Bond laughed. 'When I'm ... er ... concentrating,' he explained, 'I never have more than one drink before dinner. But I do like that one to be large and very strong and very cold, and very well-made. I hate small portions of anything, particularly when they taste bad. This drink's my own invention. I'm going to patent it when I think of a good name.'
Casino Royale, by Ian Fleming
This gives us a 3:1:0.5 ratio of gin to vodka to Kina Lillet. Kina Killet's recipe has changed over the years, dropping the bitter quinine. I've added Angostura bitters to make up for the bitter flavour of quinine.
- Sipsmith VJOP gin
- Lapsang Souchong-infused Fair Quinoa vodka
- Kina Lillet
- Angostura bitters
- preferred citrus peel
- Several hours ahead of desired drinking, mix a 3:1:0.5 ratio of the primary three ingredients, and freeze. (Freezing early neatly avoids the gin-bruising and dilution arguments introduced by ice.)

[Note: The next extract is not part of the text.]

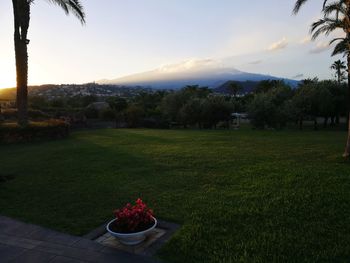 Scenic view of grassy field against sky during sunset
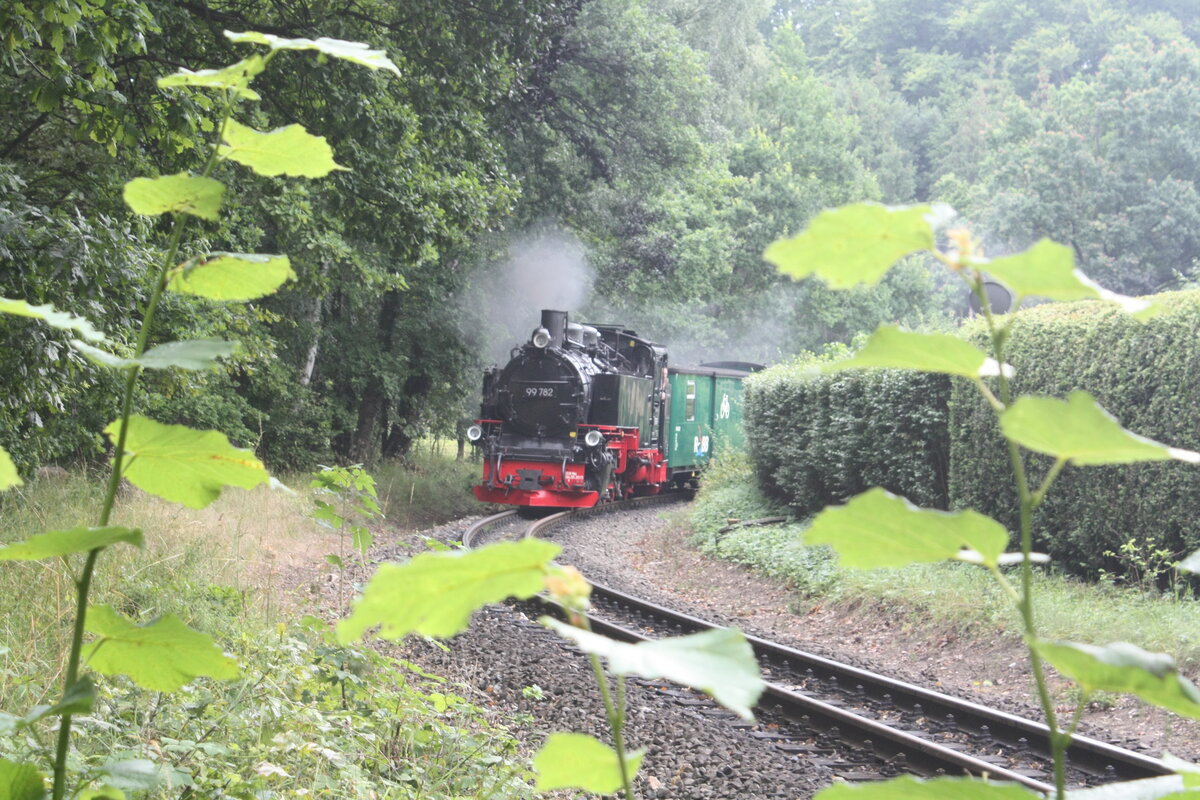 99 782 von Ostseebad G�hren kommend mit Ziel Lauterbach Mole kurz vor dem Bahnhof Binz LB am 28.7.21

- To serve, pour into a glass of choice. Add two dashes of bitters (or to taste), citrus peel, and sip pensively.
The result is a smokey, botanical tension reliever, with notes of tea and citrus. Sometimes I enjoy the aesthetic of tiny ice flecks floating in the drink, so I'll shake it gently with ice before serving.
I've made this in bulk and kept it in the freezer, adding bitters and peal when I serve without discernible loss of quality (or enjoyment).